Hindustan Ambassador


60 years ago this month Hindustan Motors of India launched the Hindustan Ambassador. There were just a few improvements and changes over its production hat ended in 2014. The Ambassador was based on the Morris Oxford series III model, first made by Morris Motors Limited at Cowley, Oxford in the United Kingdom from 1956 to 1959.
The Ambassador was the first car to be made in India and was once a status symbol, but began losing its dominance in the mid-1980s when Maruti Suzuki introduced its low-priced 800 hatchback. It lost further cachet and market share when global automakers began setting up shop in India in the mid-1990s, offering models with contemporary designs and technology. The Ambassador has remained the choice of a dwindling share of bureaucrats and politicians, usually in white with a red beacon on top and a chauffeur at the wheel. It is also still in use as a taxi in some Indian cities.

Despite its British origins, the Ambassador is considered as a definitive Indian car and is fondly called the “king of Indian roads”.The automobile was manufactured by Hindustan Motors at its Uttarpara plant near Kolkata, West Bengal.
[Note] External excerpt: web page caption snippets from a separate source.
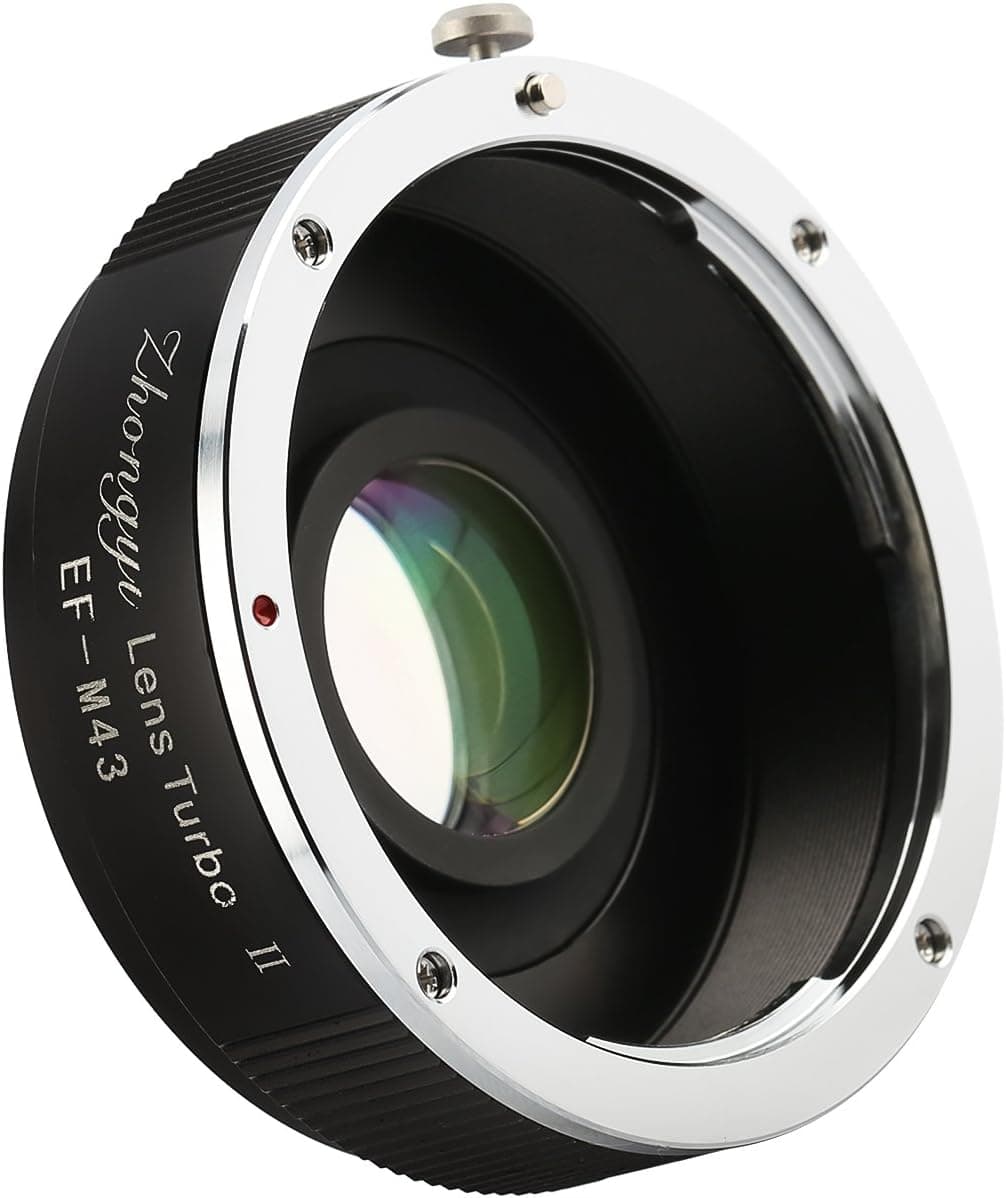 Zhongyi Lens Turbo II EF-M43 Focal Reducer Booster Adapter with Portable Case for Canon EOS Lens to Olympus Panasonic Cameras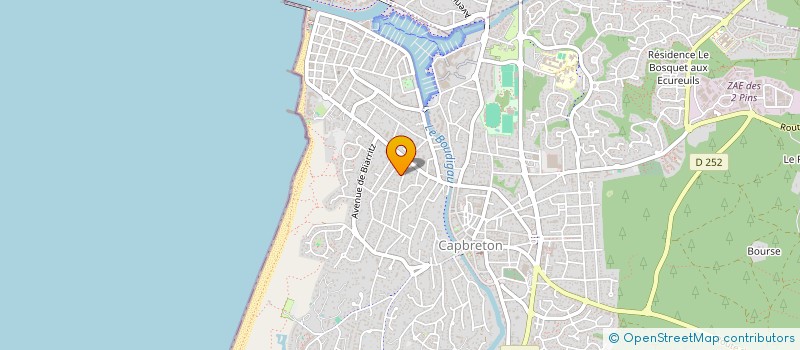 localisation de l'entreprise DELLA MONICA  CAPBRETON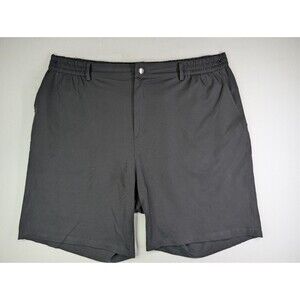 Gradual Shorts Men's XXXL 3X Black Elastic Waist Zipper Pockets Casual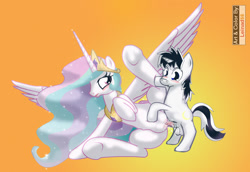 Size: 1118x768 | Tagged: explicit, artist:leinad56, princess celestia, oc, balls, blushing, canon x oc, clitoris, colt, colt on mare, cum, female, foal, foalcon, g4, imported from derpibooru, male, mare, nudity, penetration, penis, pony, sex, straight, straight shota, vagina, vaginal, vulva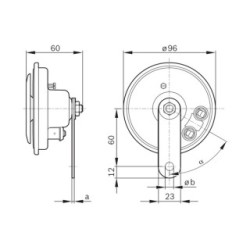 Klaxon BOSCH 0986320111 pour PEUGEOT, RENAULT, VW OE 4D0951223A BOSCH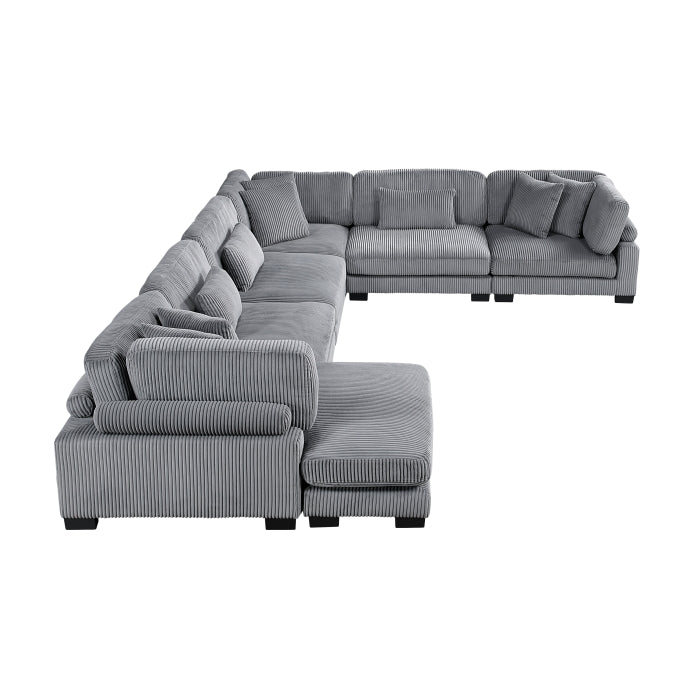 Homelegance - Traverse 6 Piece Modular Sectional with Reversible Chaise - 8555GY*2CR3ACVC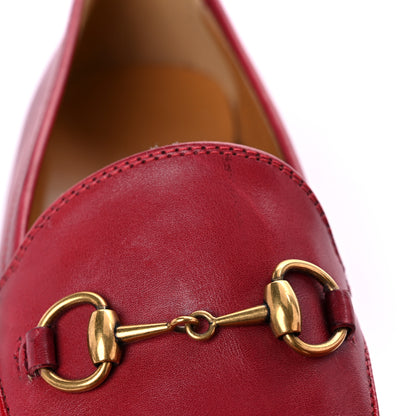 Gucci Lambskin Womens Brixton Horsebit Loafers 37 Hibiscus Red 17 of 17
When the Birlas wanted a new model to replace their already old Hindustan models based on the Morris Oxford Series Il (Hindustan Landmaster), they scouted for the new Morris Oxford Series III. The car initially came with a side-valve engine but was later improved to an overhead-valve engine. Also the car at that point was quite an innovation with a fully enclosed monocoque chassis, which is why it is spacious inside.
Hindustan Motors Limited (HM), India’s pioneering automobile manufacturing company and flagship company of the C.K. Birla Group, was established just before Indian independence, in 1942 by B.M. Birla. They began operations in a small assembly plant in Port Okha near Gujarat by assembling the then Morris 10 as the Hindustan 10. The Morris MO Series models (the earlier one and its next model with a new front grille) were by 1949 introduced, as the Hindustan 14. The production continued till 1954, after which the Landmaster based on the Morris Oxford Series II was introduced, with the same 1476 cc side valve engine, drawn from the earlier Hindustan 14.The same engine was used for the older Ambassadors Mark I from 1958 till 1960.
The car was briefly imported to the United Kingdom in 1993 (as the Fullbore Mark 10). The cars were retrofitted with a heater and seat belts in order to comply with European safety legislation, but only a tiny number were ever sold, and the importer went into liquidation.
Production of Hindustan Ambassador at its plant outside the city of Kolkata was ended due to weak demand and financing problems. Prior to the cancellation, the company had sold 2,200 Ambassadors in the financial year which ended in March 2014.